I’m wondering what the criteria is for memory accesses to be grouped.
I get that writing float4’s in consecutive locations is probably all grouped, but what about something like:
I get that the compiler is probably smart enough to work around this example, but as this type of thing gets more complex, is there a general rule for delaying writes to see if they all coalesce? I could see a warp committing all possible writes that aren’t dependent on reads to memory and then anticipating a stall while they all go out. Does anyone know if it works something like this?
memory operations issued from separate instructions never coalesce with each other. coalescing is a behavior that applies to memory activity emanating from a single instruction.
I think its unlikely that the compiler would have an idiom to somehow take the code you have written and do any sort of coalescing between the work that you are issuing from line 2 and from line 4. However, rather than speculate, such a question could be quickly answered with some SASS code analysis. But to your point, as the if/else construct gets more complex, I think its even less likely that the compiler would have an idiom to reduce it to a single instruction. Unless it is reduced to a single instruction, coalescing (across 2 or more instructions) is not possible.
I’m using coalescing here in what I consider the formal sense of the word, in CUDA. There is also the concept of a coalescing buffer, which I find to be loosely defined, applicable only to writes, and not that much different than general understanding of the concept of a cache(line). The (L2) cache can act as a “coalescing buffer” by collecting write activity from multiple instructions, before it is “written out” to DRAM, in presumably a minimized set of transactions. This is possible in part because L2 has write-back, not write-through, behavior. And I would be careful to dissociate this usage of the term “coalescing buffer” from the formal use of “coalescing” which IMO is well defined.
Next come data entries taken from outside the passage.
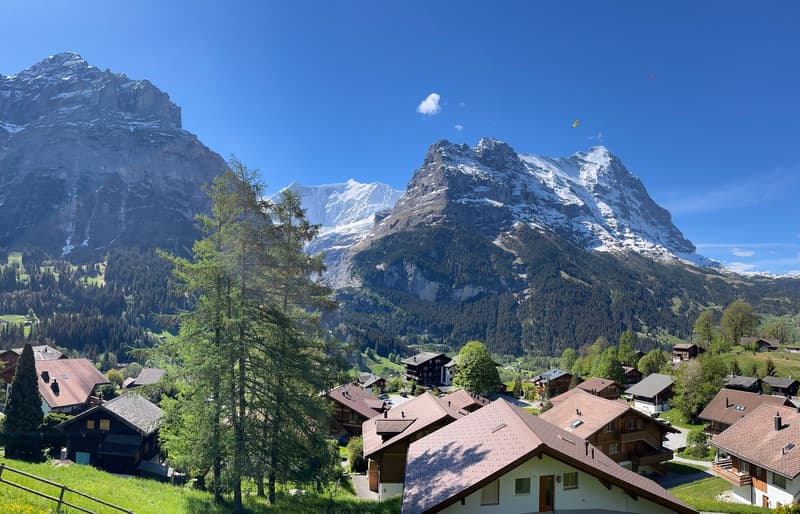 Charmante 2.5-Zimmer-Wohnung mit atemberaubendem Bergblick in Grindelwald (9)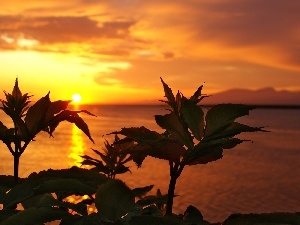 sun, west, Plants, sea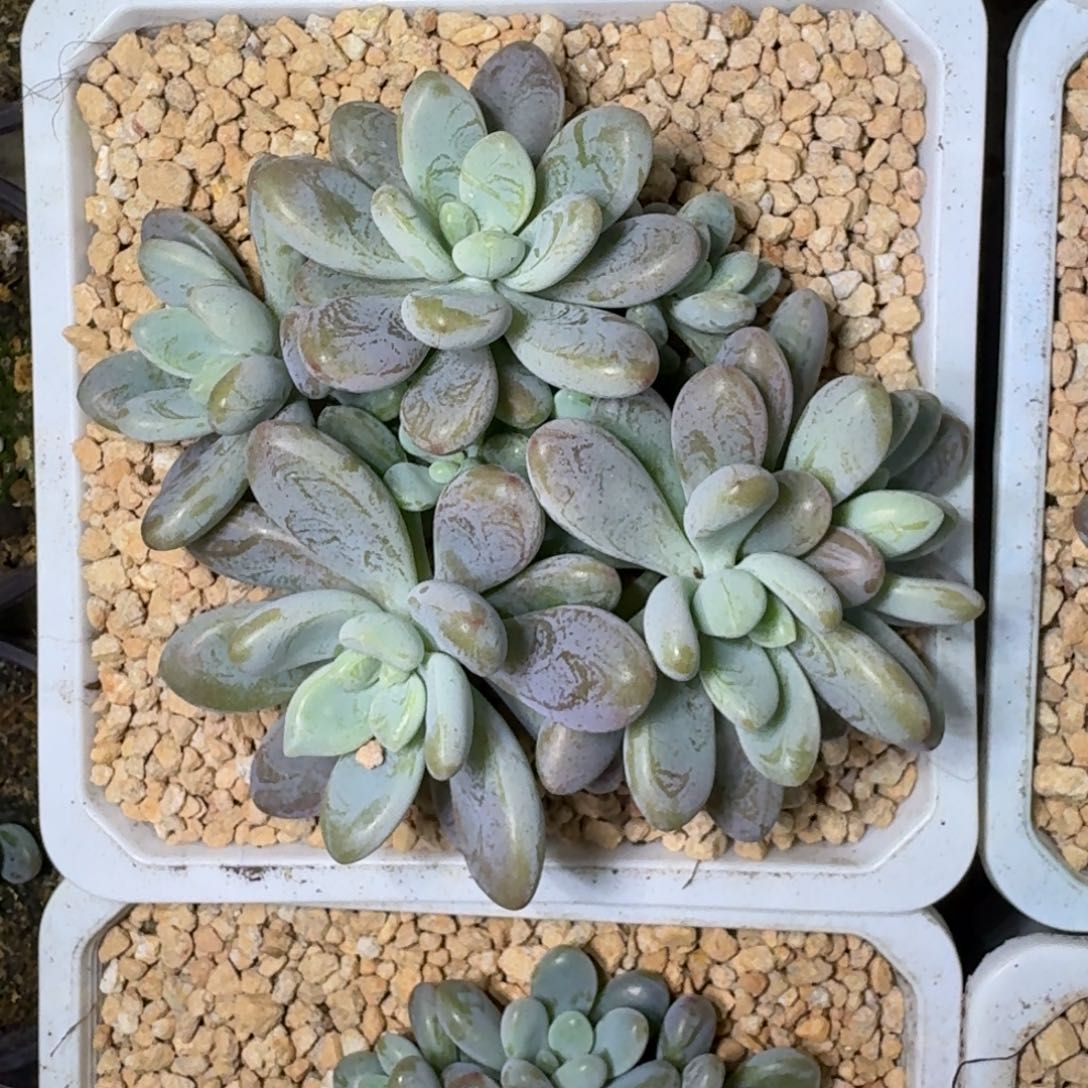 海妮亚 群生  一物一拍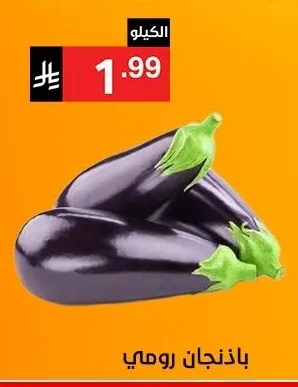 Egyptian Eggplant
Interesting, good to know. I’ve definitely written code declaring a variable outside the if in cases like these to write all after at the same time, good to know that was warranted.
And I guess it’s not as impactful as it would seem, with a large write like st.global.v4.f64 maxing out the current coalescing transaction size of 32 bytes anyway.
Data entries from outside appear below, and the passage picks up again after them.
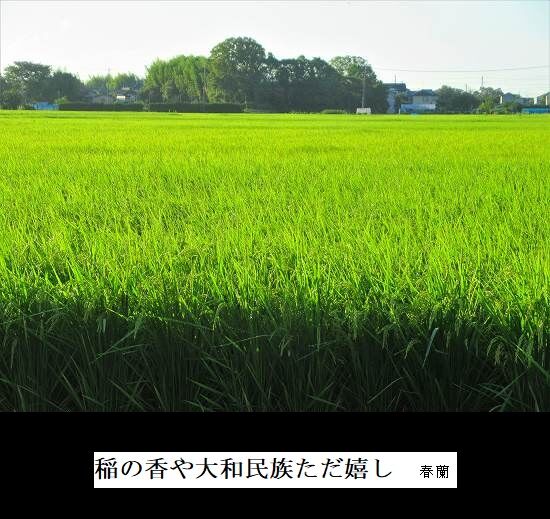 5-IMG_9728.jpg稲の香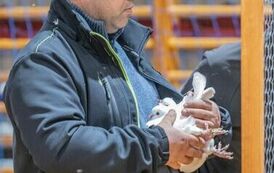 32. Regionalna Wystawa Gołębi Rasowych i Drobnego Inwentarza 27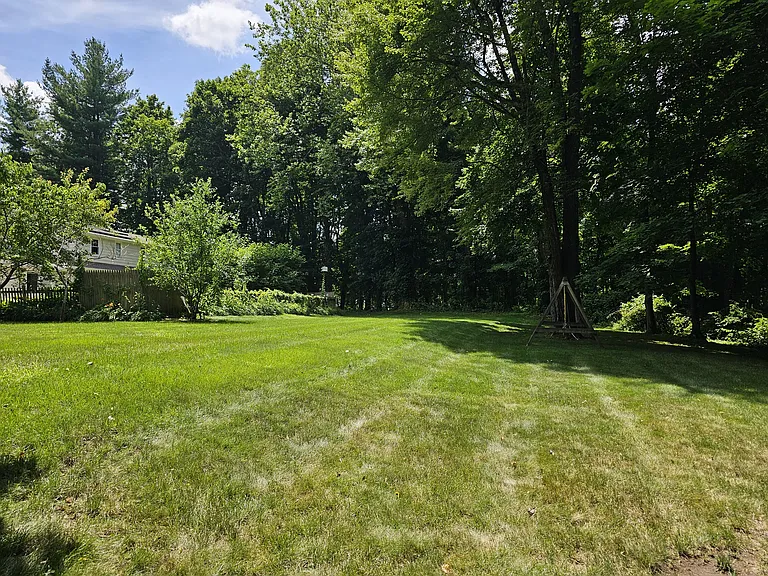 Backyard View 3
And for a coalescing buffer, the only tools really available to sculpt this is shuffling around threadfences and being careful about volatile and hoping for the best, right?
the maximum transaction size per thread is 16 bytes (per instruction). This is covered in the programming guide.
I don’t have any good abstract advice for how to “manage” a “coalescing buffer”, and I’m not really sure I understand your questions anyway.
IMO cache blocking optimizations are one of the last things I would look at on a GPU, and optimizing for something like a cacheline seems rather difficult. But good luck!